Takahiro Matsushita （The University of Tokyo）
Title : On the lower bounds obtained from Hom complexes
Abstract: A coloring of a simple graph $G$ is to assign a color to each vertex of $G$ so that adjacent vertices have different colors. The smallest number of colores we need to color $G$ is called the chromatic number of $G$, and is denoted by $\chi(G)$. Hom complex ${\rm Hom}(T,G)$ is a CW-complex associated to a pair of graphs $T$ and $G$. The graph $T$ is called a homotopy test graph if the inequality $$\chi(G) > {\rm conn}({\rm Hom}(T,G)) + \chi(T) $$ holds for every graph $G$, where ${\rm conn}(X)$ is the largest number $ n$ such that $X$ is $n$-connected. (However, we put ${\rm conn}(X)= -\ infty$ if $X = \emptyset$.) It is known that the complete graph $K_n$ with $n \geq 2$ is a homotopy test graph (Lov\'asz, Babson-Kozlov), and the odd cycle $C_{2n+1}$ with $n \geq 1$ (Babson-Kozlov). However, there is a graph $G$ such that the difference between the above inequality is quite large, when $T=K_2$. In particular, Walker (1983) showed that for each positive integer $n$, there is a graph $G$ such that $$\chi(G) - {\rm conn}({\rm Hom}(K_2,G)) > n,$$ and he also showed that there are graphs $G_1,G_2$ such that ${\rm Hom}( K_2,G_1) \simeq {\rm Hom}(K_2,G_2)$ but $\chi(G_1) \neq \chi(G_2)$. In this talk we showed the following result strengthening Walker's result. Let $T$ be a finite graph, $G$ a graph whose chromatic number is greater than 2, and $n$ a positive integer. Then there is a graph $H$ which contains $G$ as a subgraph and satisfies the following properties: the inclusion ${\rm Hom}(T,G) \rightarrow {\rm Hom}(T,H)$ is a homotopy equivalence and $\chi(H) \geq n$. In particular, any homotopy invariant of ${\rm Hom}(T,G)$ does not give an upper bound for the chromatic number of $G$.

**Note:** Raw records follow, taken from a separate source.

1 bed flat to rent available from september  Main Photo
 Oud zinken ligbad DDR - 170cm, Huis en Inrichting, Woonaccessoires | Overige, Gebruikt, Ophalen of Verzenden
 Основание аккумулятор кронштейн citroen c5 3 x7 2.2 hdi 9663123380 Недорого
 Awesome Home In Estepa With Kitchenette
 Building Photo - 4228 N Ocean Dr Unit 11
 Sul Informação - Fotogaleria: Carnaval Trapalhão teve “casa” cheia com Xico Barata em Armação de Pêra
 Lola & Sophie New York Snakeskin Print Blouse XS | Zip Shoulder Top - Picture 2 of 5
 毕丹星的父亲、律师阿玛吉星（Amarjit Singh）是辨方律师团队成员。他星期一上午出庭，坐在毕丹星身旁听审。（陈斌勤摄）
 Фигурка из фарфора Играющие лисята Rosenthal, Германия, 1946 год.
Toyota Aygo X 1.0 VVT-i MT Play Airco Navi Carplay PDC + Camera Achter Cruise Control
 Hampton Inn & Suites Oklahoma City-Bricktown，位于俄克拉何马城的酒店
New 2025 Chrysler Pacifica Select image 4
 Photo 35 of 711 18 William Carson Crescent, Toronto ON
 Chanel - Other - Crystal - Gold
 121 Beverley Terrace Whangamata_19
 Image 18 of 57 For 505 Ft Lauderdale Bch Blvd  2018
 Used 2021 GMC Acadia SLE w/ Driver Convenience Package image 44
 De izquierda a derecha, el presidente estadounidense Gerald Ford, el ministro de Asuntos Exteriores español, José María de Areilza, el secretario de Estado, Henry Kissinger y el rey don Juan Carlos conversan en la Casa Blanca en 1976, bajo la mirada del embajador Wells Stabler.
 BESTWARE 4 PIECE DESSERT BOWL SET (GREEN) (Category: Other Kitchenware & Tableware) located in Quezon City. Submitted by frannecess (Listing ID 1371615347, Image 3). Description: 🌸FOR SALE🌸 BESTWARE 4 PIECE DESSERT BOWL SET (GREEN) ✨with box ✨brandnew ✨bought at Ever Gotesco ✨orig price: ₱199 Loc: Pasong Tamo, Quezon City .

Takashi Sakai (Tokyo Metropolitan University)
Title : The intersection of two real flag manifolds in a complex flag manifold
Abstract: Tanaka and Tasaki studied the antipodal structure of the intersection of two real forms in Hermitian symmetric spaces of compact type. An orbit of the adjoint representation of a compact connected Lie group $G$ admits a $G$-invariant K\"ahler structure, and called a complex flag manifold. Furthermore, any simply-connected compact homogeneous K\"ahler manifold is a complex flag manifold. Using a torus action, we can define (generalized) antipodal sets of a complex flag manifold. An orbit of the linear isotropy representation of the compact symmetric space $G/K$ is called a real flag manifold, and is embedded in a complex flag manifold as a real form. In this talk, we will give a necessary and sufficient condition for two real flag manifolds, which are not necessarily congruent with each other, in a complex flag manifold to intersect transversally in terms of symmetric triads. Moreover we will show that the intersection is an orbit of a certain Weyl group and an antipodal set, if the intersection is discrete. This talk is based on a join work with Osamu Ikawa, Hiroshi Iriyeh, Takayuki Okuda and Hiroyuki Tasaki.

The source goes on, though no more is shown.